## To do
An exact repeat is needed of the lines from the one with "Selro Selini Necklace" through the last line of the data below. Please omit the pictures.

*** Data Section Begins ***

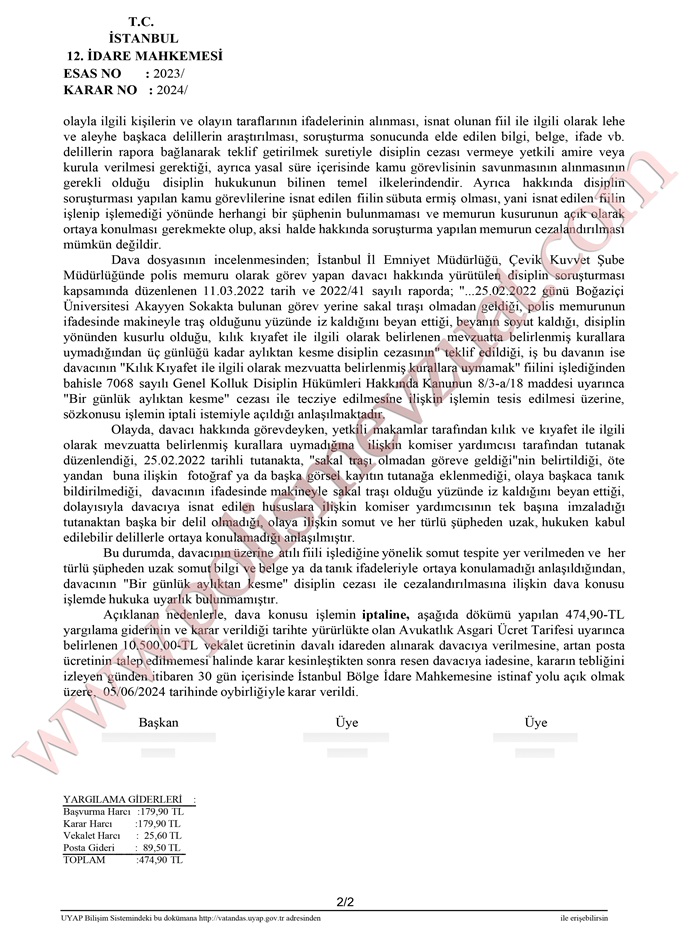 sakal traşı olmadangöreve gelen polise verilen cezanın iptali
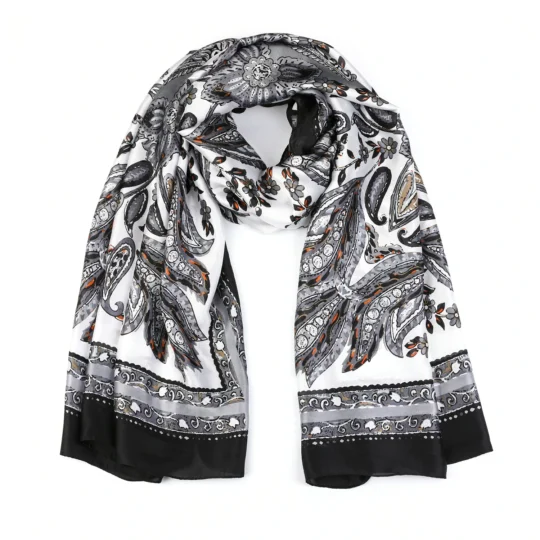 Sjaal Zijde & Viscose Zwart/Wit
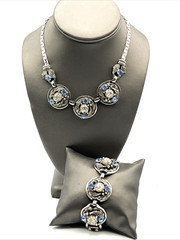 Selro Selini Necklace & Bracelet Set Unsigned Silver Tone Confetti Vintage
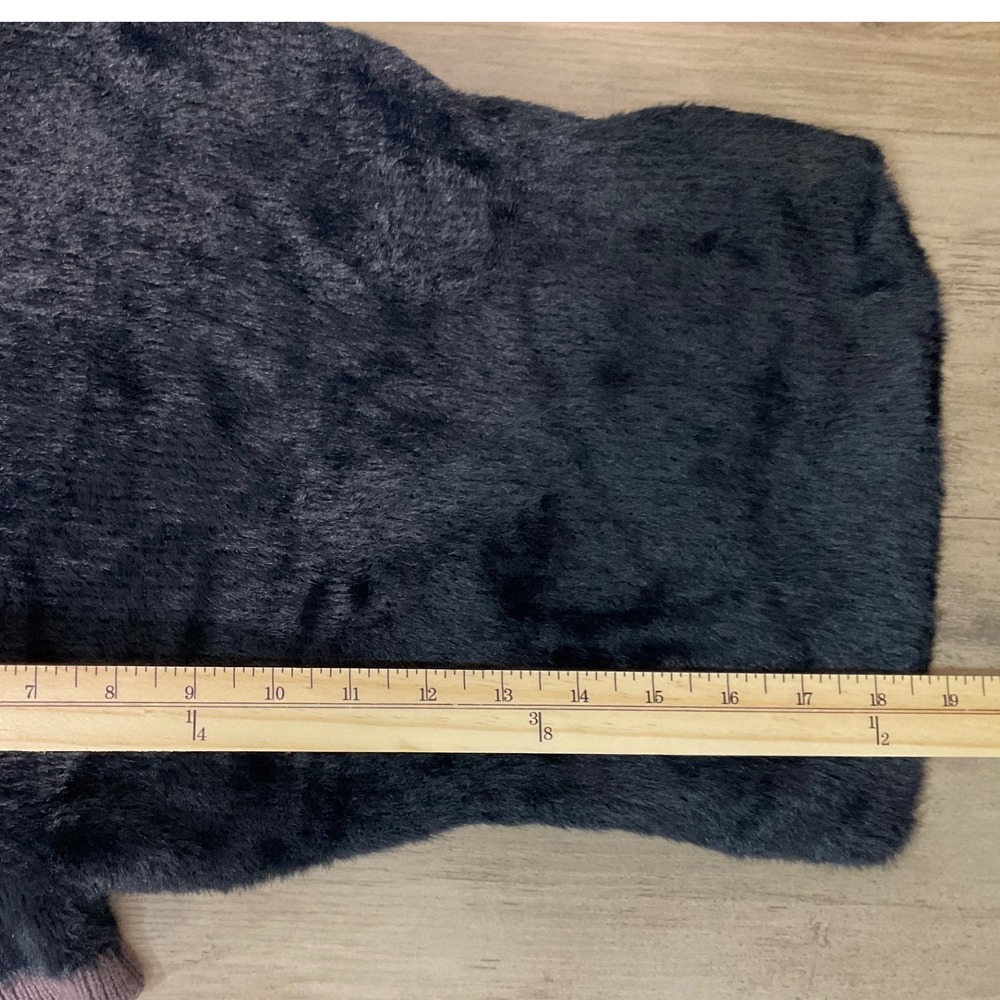 Intimately Free People Fuzzy Short Sleeve Knit Top‎ Black Purple Trim Size XS - Picture 2 of 5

*** Data Section Ends ***

## Result
 Selro Selini Necklace & Bracelet Set Unsigned Silver Tone Confetti Vintage
 Intimately Free People Fuzzy Short Sleeve Knit Top‎ Black Purple Trim Size XS - Picture 2 of 5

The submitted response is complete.